> [EXERCISE BRIEF] Output, exactly as written, the lines below from the one that has "Tommy Jeans Embroidered Flag T-Shirt in Navy" through the one that has "property at 1011 W Hull St"; nothing else, and no pictures.

> [STUDY MATERIAL]
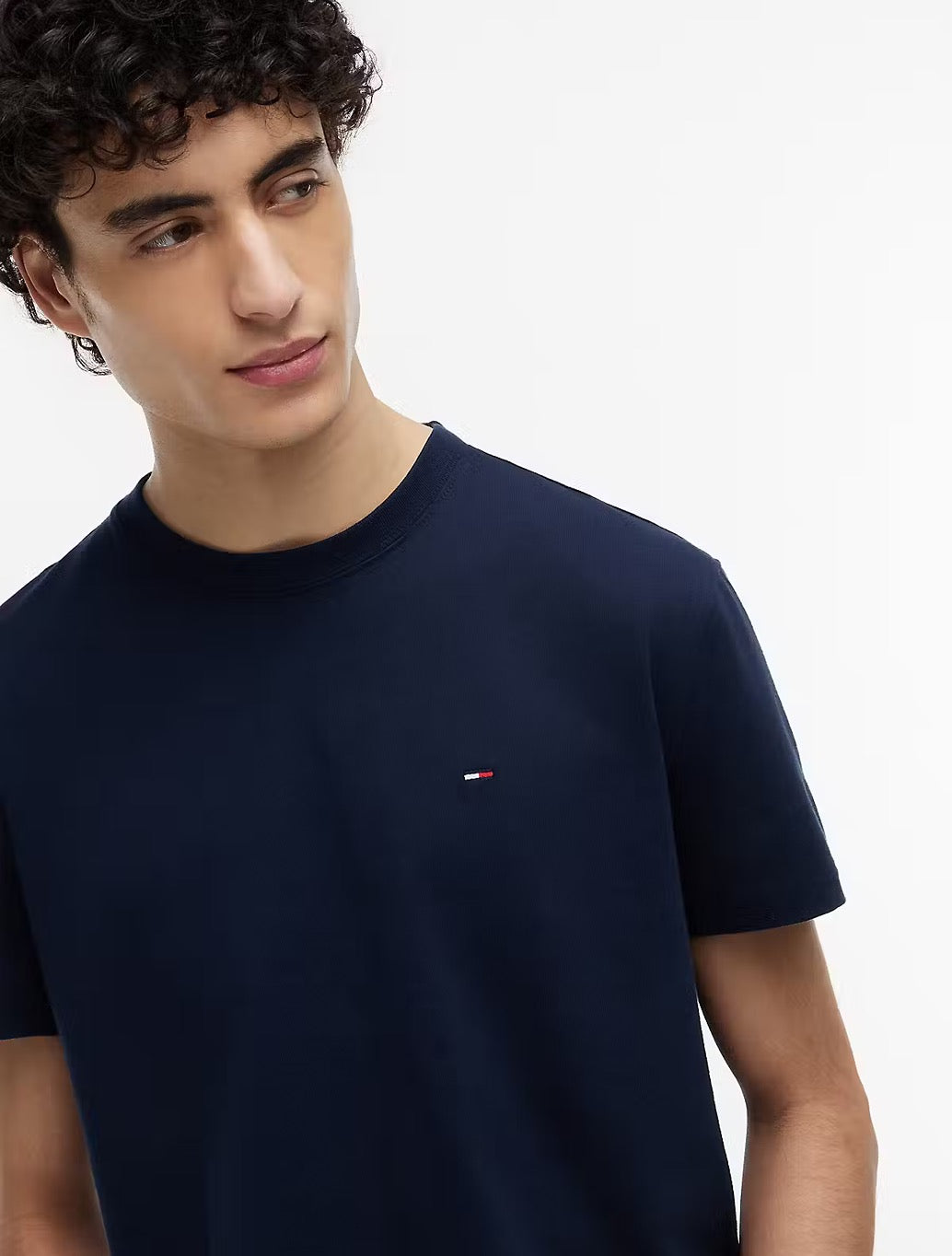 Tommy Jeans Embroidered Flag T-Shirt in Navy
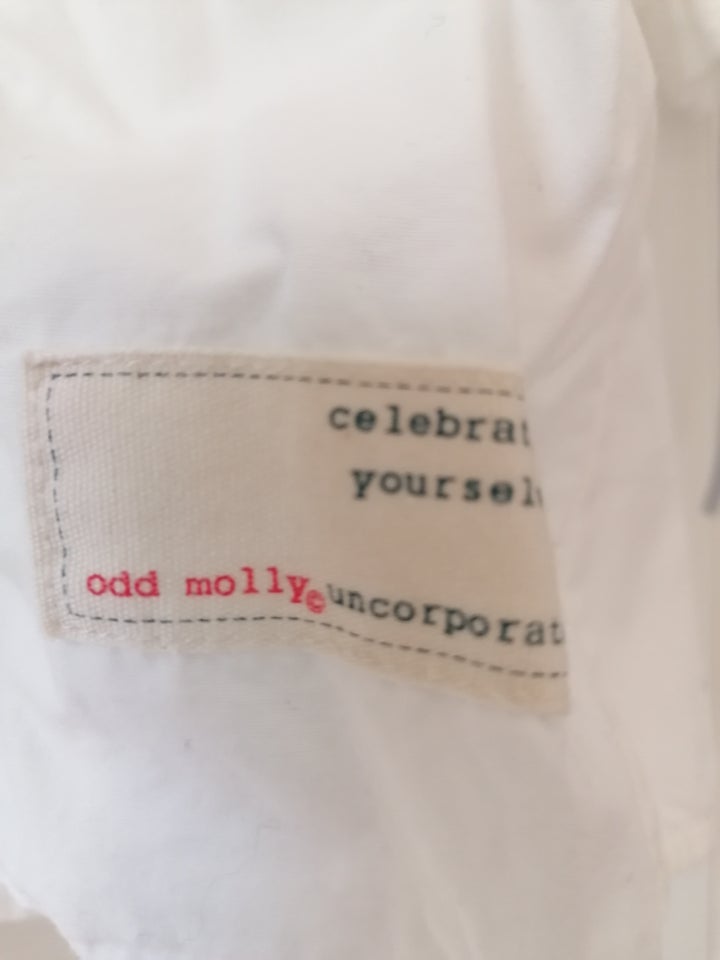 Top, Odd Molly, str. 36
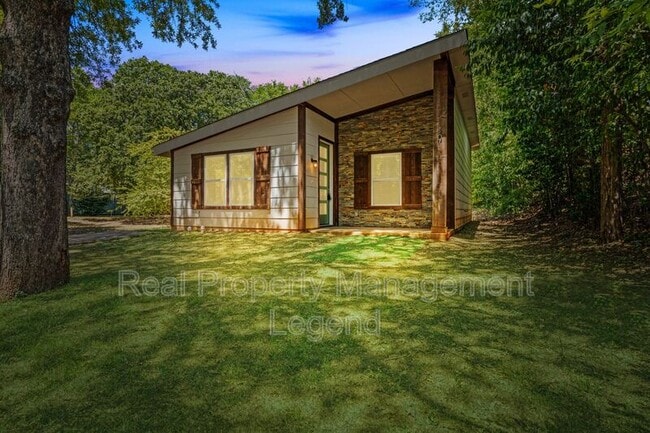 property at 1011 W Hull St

* * *

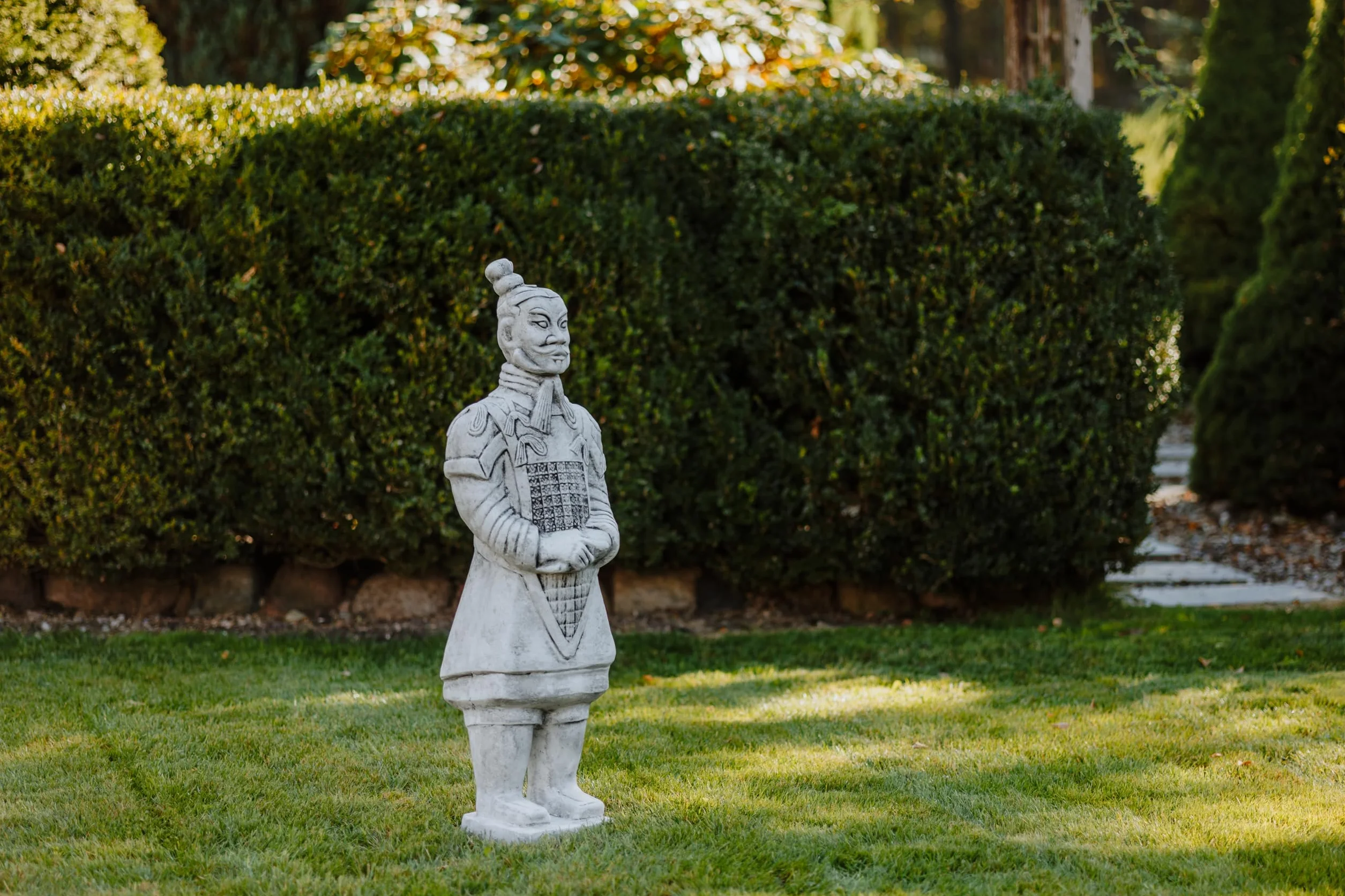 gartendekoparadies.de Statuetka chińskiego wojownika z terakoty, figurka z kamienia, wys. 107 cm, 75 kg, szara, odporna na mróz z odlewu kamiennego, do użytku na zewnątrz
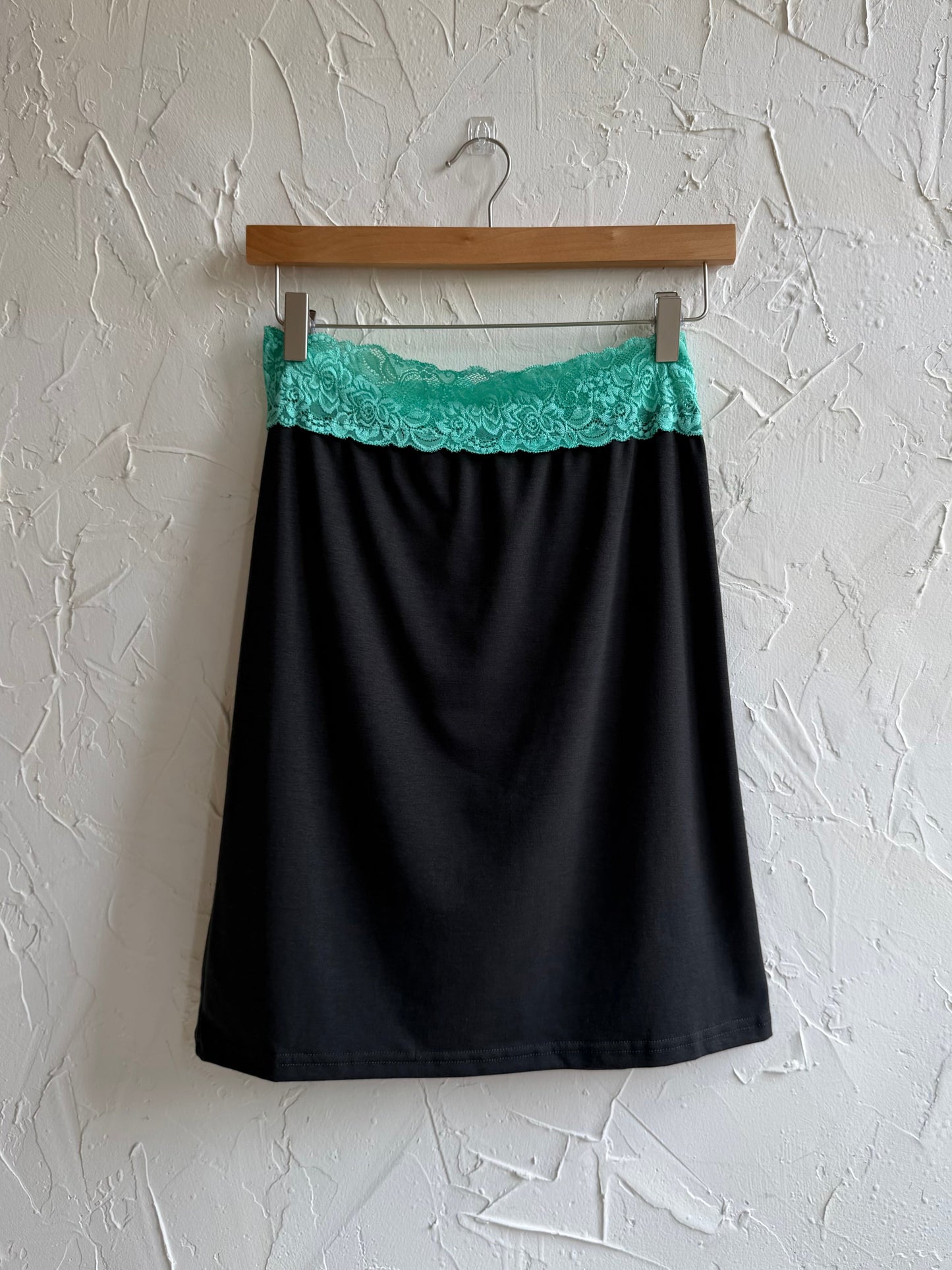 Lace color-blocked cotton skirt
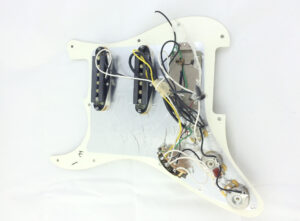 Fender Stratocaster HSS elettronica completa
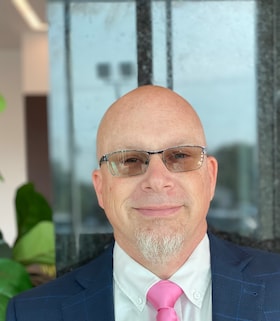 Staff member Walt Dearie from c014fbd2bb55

> [EXERCISE SOLUTION]
 Tommy Jeans Embroidered Flag T-Shirt in Navy
 Top, Odd Molly, str. 36
 property at 1011 W Hull St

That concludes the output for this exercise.